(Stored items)

++++++++++

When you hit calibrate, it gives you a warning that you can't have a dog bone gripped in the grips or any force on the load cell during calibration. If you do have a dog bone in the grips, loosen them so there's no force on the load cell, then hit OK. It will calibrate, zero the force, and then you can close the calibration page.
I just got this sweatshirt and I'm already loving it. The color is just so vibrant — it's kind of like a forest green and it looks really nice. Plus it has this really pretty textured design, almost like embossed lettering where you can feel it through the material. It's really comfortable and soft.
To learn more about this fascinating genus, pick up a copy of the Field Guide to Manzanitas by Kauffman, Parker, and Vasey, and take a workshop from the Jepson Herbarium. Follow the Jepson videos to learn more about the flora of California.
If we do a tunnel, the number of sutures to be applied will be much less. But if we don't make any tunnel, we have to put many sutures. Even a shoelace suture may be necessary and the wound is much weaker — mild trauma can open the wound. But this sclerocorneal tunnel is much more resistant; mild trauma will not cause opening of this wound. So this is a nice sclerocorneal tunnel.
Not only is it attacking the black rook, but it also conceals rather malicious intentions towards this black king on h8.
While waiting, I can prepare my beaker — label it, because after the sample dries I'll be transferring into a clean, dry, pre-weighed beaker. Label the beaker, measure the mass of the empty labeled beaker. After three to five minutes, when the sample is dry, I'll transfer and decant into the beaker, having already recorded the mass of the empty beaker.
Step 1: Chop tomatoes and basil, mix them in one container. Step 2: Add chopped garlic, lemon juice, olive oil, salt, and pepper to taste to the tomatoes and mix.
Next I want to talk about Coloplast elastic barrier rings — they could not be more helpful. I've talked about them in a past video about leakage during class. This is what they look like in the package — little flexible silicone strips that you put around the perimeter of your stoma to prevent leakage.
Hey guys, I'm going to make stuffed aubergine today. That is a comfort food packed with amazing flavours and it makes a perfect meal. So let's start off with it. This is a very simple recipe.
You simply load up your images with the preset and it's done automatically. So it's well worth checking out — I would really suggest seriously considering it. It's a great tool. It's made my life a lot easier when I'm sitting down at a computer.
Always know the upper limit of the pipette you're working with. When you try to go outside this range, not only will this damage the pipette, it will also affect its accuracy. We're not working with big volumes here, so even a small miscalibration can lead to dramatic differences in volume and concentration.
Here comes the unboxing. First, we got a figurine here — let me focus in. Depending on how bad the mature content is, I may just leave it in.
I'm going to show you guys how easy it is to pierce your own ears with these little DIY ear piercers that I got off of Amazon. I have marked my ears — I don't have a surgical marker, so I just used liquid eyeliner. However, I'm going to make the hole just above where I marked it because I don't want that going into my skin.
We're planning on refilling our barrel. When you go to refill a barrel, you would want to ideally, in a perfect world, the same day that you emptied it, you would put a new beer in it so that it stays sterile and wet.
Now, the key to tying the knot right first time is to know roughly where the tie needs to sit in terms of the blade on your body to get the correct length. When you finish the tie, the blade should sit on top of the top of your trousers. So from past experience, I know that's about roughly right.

++++++++++

**Task to carry out**
Gather each line in these records that contains the string "already".

**Answer to this task**
I just got this sweatshirt and I'm already loving it. The color is just so vibrant — it's kind of like a forest green and it looks really nice. Plus it has this really pretty textured design, almost like embossed lettering where you can feel it through the material. It's really comfortable and soft.
While waiting, I can prepare my beaker — label it, because after the sample dries I'll be transferring into a clean, dry, pre-weighed beaker. Label the beaker, measure the mass of the empty labeled beaker. After three to five minutes, when the sample is dry, I'll transfer and decant into the beaker, having already recorded the mass of the empty beaker.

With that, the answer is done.